(Action item): With the line containing "One of our fav" as the start and the line containing "Clark's Essential Guide" as the end, transcribe that span of the entries below exactly, including both.

[Available records Boundary: Start]

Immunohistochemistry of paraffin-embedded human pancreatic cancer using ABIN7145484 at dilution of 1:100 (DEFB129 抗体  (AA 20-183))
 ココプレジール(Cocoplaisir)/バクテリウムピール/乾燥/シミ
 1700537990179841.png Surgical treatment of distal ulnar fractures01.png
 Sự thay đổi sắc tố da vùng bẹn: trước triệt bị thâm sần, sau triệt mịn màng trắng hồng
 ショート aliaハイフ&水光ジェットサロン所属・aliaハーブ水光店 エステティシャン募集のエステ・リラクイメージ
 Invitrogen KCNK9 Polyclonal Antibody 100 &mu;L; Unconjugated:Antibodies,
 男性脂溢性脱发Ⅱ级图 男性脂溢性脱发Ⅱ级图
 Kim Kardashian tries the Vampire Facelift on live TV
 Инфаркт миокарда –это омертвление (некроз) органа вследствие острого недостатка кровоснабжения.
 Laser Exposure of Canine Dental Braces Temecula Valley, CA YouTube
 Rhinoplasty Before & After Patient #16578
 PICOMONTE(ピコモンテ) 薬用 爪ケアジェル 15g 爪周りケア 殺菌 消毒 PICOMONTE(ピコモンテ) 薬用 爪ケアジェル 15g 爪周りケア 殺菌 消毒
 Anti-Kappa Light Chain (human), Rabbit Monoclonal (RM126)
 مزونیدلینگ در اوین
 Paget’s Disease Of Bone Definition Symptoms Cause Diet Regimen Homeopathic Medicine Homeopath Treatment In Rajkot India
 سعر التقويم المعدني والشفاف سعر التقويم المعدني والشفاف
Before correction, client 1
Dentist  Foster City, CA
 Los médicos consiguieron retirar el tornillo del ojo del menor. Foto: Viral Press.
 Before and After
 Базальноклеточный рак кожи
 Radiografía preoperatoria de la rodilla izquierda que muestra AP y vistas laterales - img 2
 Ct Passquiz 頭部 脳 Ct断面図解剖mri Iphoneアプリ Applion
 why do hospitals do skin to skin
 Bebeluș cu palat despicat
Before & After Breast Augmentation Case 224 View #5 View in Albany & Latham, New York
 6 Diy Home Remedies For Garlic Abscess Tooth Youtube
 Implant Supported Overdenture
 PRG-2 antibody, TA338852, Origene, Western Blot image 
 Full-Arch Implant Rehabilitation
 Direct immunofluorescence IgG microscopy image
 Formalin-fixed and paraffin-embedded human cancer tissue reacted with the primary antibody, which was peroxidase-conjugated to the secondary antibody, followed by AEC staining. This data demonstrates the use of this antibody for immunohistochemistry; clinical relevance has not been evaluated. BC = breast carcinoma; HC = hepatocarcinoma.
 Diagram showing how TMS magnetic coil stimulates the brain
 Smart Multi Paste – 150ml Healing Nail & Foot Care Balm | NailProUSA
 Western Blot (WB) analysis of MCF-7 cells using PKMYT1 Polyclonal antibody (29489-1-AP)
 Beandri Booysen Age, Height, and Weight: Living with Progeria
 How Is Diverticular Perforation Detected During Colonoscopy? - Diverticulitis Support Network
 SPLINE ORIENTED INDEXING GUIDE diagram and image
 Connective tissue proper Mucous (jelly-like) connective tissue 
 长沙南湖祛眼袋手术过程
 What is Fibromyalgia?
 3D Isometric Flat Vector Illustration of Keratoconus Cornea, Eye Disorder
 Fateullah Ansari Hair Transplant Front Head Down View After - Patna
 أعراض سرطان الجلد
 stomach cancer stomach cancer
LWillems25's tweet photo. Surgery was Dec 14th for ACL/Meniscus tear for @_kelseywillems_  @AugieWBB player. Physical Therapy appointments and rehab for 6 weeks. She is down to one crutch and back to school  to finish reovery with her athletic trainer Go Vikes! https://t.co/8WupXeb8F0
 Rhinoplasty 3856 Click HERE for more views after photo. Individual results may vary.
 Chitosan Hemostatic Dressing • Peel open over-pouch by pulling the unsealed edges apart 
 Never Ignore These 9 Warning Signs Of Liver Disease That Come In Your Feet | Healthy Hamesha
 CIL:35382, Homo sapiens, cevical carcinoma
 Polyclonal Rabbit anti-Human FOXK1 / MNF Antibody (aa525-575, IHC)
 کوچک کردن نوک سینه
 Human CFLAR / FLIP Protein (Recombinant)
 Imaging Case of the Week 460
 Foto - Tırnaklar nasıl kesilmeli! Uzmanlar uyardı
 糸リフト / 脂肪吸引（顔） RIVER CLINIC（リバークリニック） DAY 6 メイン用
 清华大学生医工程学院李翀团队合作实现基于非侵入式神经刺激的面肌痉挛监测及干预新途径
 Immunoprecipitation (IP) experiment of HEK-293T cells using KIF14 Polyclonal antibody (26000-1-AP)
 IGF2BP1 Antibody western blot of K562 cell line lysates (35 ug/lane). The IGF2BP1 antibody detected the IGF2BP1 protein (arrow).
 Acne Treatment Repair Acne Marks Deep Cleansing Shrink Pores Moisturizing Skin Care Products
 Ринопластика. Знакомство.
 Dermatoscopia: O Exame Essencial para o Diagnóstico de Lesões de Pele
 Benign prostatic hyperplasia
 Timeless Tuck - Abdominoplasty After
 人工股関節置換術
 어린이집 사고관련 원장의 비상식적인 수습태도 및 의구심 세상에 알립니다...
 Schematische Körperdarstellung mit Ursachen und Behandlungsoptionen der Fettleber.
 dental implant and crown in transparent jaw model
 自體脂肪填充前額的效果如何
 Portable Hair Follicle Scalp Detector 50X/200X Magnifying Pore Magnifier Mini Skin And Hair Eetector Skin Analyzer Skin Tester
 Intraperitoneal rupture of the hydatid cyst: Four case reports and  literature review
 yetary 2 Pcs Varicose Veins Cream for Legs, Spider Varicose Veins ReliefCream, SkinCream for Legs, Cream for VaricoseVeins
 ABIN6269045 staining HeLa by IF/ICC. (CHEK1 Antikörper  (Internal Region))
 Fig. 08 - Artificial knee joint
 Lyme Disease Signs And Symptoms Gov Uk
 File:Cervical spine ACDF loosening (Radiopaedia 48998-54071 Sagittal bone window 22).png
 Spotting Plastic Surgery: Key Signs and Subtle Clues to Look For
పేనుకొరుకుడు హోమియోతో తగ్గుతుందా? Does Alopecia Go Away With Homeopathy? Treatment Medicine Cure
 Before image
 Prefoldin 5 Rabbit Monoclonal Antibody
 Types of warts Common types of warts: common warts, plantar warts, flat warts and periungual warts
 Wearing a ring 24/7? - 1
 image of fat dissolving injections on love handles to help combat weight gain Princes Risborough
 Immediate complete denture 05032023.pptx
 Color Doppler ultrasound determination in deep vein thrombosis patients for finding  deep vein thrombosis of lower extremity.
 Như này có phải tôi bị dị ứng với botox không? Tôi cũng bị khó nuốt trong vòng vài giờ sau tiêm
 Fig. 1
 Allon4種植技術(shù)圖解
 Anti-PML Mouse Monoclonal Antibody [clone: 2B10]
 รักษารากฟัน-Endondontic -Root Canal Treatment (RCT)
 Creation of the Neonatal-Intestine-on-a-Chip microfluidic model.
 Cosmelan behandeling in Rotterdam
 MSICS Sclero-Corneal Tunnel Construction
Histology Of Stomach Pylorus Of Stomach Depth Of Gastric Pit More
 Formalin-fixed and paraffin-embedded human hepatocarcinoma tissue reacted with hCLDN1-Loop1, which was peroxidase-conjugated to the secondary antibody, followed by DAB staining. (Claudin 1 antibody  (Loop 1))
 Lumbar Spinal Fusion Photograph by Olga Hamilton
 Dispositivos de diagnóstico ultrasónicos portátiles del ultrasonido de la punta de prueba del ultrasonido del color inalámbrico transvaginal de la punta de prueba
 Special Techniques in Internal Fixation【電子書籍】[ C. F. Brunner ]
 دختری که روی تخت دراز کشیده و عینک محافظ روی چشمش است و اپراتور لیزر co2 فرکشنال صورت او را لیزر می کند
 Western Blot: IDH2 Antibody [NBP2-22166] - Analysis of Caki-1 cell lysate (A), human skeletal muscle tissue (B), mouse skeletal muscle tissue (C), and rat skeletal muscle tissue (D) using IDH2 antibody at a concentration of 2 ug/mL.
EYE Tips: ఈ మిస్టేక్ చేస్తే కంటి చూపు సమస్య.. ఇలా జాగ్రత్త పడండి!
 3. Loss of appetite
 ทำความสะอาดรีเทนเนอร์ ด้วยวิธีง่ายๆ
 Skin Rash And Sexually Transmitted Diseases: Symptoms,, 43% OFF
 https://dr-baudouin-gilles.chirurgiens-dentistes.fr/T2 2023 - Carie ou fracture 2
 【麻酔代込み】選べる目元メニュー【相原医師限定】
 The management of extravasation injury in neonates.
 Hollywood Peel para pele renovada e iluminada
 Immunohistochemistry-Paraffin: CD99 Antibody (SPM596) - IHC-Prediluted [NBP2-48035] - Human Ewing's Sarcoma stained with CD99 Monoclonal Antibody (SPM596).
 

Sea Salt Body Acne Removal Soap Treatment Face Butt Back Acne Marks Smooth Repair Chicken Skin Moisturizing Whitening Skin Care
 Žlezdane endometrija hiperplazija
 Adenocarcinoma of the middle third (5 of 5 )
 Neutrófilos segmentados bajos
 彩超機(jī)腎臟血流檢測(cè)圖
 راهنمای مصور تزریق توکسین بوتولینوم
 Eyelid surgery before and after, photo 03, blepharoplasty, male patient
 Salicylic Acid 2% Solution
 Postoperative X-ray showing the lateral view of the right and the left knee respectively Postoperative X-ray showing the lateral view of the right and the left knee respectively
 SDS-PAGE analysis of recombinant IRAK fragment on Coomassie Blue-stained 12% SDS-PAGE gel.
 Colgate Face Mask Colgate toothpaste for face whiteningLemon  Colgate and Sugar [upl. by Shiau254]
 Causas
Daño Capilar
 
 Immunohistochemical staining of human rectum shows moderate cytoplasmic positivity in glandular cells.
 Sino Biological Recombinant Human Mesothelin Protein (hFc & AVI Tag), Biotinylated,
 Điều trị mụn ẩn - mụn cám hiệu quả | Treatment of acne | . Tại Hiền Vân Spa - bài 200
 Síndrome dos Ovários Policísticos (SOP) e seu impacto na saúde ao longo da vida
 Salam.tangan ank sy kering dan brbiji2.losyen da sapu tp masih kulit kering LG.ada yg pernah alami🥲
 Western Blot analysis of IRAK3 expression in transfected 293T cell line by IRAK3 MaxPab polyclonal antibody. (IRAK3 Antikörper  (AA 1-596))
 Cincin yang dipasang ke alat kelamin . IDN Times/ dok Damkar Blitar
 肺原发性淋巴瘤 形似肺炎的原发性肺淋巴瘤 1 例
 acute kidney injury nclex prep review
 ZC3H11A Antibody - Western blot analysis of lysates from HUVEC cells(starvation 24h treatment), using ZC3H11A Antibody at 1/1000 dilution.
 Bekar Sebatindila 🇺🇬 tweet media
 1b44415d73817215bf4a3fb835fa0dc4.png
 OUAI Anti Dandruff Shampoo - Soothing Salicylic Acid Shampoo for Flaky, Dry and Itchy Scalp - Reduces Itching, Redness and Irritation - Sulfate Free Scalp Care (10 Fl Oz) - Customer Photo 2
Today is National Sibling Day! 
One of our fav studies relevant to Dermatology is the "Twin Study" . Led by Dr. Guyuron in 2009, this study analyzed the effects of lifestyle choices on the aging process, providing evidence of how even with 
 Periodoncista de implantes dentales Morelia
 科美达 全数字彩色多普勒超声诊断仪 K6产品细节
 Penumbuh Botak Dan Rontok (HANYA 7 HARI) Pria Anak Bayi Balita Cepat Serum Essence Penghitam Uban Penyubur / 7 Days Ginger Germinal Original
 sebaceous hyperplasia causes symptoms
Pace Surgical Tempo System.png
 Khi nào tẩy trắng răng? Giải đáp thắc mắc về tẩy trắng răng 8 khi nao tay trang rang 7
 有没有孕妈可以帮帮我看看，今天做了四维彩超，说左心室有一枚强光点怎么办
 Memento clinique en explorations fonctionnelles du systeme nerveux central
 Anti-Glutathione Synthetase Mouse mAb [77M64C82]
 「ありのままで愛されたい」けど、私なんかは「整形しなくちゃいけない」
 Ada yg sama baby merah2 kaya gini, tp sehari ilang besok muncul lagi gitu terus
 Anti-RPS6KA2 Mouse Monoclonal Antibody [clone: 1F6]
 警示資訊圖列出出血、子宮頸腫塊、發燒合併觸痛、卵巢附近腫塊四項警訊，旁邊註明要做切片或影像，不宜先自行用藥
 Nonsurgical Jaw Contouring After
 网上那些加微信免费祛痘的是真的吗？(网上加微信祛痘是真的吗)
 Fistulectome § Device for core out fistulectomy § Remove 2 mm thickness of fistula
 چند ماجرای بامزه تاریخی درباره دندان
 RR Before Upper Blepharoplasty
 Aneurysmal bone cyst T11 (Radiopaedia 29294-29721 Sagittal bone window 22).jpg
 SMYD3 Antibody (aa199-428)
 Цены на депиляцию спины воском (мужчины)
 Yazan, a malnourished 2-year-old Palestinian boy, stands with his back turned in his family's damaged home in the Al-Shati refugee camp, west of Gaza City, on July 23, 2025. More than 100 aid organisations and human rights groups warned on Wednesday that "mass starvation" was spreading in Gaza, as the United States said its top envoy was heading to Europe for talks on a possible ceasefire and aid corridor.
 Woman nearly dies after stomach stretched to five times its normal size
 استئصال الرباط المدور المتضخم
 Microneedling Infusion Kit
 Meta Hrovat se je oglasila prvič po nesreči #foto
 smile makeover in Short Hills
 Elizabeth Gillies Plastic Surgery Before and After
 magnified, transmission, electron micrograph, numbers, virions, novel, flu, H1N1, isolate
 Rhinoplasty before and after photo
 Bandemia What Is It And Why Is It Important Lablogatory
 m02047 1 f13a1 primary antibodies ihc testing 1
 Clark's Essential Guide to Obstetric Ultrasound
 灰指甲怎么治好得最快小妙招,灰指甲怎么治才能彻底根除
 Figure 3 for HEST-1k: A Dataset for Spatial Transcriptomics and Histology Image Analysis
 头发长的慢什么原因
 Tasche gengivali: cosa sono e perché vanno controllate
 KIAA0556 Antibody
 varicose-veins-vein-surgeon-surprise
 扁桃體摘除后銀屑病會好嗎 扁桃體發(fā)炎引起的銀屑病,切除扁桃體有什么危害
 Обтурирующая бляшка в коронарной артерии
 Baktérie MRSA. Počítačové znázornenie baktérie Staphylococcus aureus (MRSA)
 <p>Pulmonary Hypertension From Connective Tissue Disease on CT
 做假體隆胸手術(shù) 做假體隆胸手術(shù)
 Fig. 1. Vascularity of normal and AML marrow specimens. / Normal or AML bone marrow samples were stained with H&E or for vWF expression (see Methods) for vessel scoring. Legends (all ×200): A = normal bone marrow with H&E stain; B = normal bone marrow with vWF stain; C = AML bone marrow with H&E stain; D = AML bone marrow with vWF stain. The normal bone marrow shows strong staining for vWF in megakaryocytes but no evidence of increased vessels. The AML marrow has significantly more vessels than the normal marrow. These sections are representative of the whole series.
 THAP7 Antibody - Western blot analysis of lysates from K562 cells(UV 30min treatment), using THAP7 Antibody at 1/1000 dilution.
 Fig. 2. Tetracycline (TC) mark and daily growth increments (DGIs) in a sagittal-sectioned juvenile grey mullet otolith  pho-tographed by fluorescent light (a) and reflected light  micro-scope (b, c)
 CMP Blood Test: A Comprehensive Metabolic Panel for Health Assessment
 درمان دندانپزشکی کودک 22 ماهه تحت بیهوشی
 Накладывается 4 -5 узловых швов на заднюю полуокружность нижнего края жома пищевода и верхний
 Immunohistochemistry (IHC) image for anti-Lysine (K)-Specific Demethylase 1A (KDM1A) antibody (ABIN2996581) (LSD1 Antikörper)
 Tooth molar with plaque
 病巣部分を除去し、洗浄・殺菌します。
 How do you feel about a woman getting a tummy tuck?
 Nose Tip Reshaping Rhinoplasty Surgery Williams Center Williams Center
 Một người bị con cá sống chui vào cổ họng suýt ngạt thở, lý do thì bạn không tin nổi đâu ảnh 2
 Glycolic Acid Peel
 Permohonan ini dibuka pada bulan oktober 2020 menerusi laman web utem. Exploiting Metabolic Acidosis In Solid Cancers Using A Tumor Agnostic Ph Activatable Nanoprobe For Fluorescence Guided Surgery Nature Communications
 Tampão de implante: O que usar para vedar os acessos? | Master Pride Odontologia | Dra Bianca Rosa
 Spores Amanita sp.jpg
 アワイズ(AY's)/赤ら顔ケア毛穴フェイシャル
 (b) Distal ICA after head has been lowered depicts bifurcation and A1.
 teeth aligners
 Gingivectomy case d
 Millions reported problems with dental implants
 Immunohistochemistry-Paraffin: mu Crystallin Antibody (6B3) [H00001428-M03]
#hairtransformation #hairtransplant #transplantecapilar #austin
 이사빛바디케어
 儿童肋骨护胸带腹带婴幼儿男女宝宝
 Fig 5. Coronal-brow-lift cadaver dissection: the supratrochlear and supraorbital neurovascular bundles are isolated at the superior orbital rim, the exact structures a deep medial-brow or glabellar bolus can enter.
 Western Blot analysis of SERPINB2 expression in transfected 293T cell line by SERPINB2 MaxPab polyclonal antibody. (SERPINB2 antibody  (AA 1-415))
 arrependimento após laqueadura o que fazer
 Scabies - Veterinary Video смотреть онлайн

[Available records Boundary: End]

(Answer for this exercise):
One of our fav studies relevant to Dermatology is the "Twin Study" . Led by Dr. Guyuron in 2009, this study analyzed the effects of lifestyle choices on the aging process, providing evidence of how even with 
 Periodoncista de implantes dentales Morelia
 科美达 全数字彩色多普勒超声诊断仪 K6产品细节
 Penumbuh Botak Dan Rontok (HANYA 7 HARI) Pria Anak Bayi Balita Cepat Serum Essence Penghitam Uban Penyubur / 7 Days Ginger Germinal Original
 sebaceous hyperplasia causes symptoms
Pace Surgical Tempo System.png
 Khi nào tẩy trắng răng? Giải đáp thắc mắc về tẩy trắng răng 8 khi nao tay trang rang 7
 有没有孕妈可以帮帮我看看，今天做了四维彩超，说左心室有一枚强光点怎么办
 Memento clinique en explorations fonctionnelles du systeme nerveux central
 Anti-Glutathione Synthetase Mouse mAb [77M64C82]
 「ありのままで愛されたい」けど、私なんかは「整形しなくちゃいけない」
 Ada yg sama baby merah2 kaya gini, tp sehari ilang besok muncul lagi gitu terus
 Anti-RPS6KA2 Mouse Monoclonal Antibody [clone: 1F6]
 警示資訊圖列出出血、子宮頸腫塊、發燒合併觸痛、卵巢附近腫塊四項警訊，旁邊註明要做切片或影像，不宜先自行用藥
 Nonsurgical Jaw Contouring After
 网上那些加微信免费祛痘的是真的吗？(网上加微信祛痘是真的吗)
 Fistulectome § Device for core out fistulectomy § Remove 2 mm thickness of fistula
 چند ماجرای بامزه تاریخی درباره دندان
 RR Before Upper Blepharoplasty
 Aneurysmal bone cyst T11 (Radiopaedia 29294-29721 Sagittal bone window 22).jpg
 SMYD3 Antibody (aa199-428)
 Цены на депиляцию спины воском (мужчины)
 Yazan, a malnourished 2-year-old Palestinian boy, stands with his back turned in his family's damaged home in the Al-Shati refugee camp, west of Gaza City, on July 23, 2025. More than 100 aid organisations and human rights groups warned on Wednesday that "mass starvation" was spreading in Gaza, as the United States said its top envoy was heading to Europe for talks on a possible ceasefire and aid corridor.
 Woman nearly dies after stomach stretched to five times its normal size
 استئصال الرباط المدور المتضخم
 Microneedling Infusion Kit
 Meta Hrovat se je oglasila prvič po nesreči #foto
 smile makeover in Short Hills
 Elizabeth Gillies Plastic Surgery Before and After
 magnified, transmission, electron micrograph, numbers, virions, novel, flu, H1N1, isolate
 Rhinoplasty before and after photo
 Bandemia What Is It And Why Is It Important Lablogatory
 m02047 1 f13a1 primary antibodies ihc testing 1
 Clark's Essential Guide to Obstetric Ultrasound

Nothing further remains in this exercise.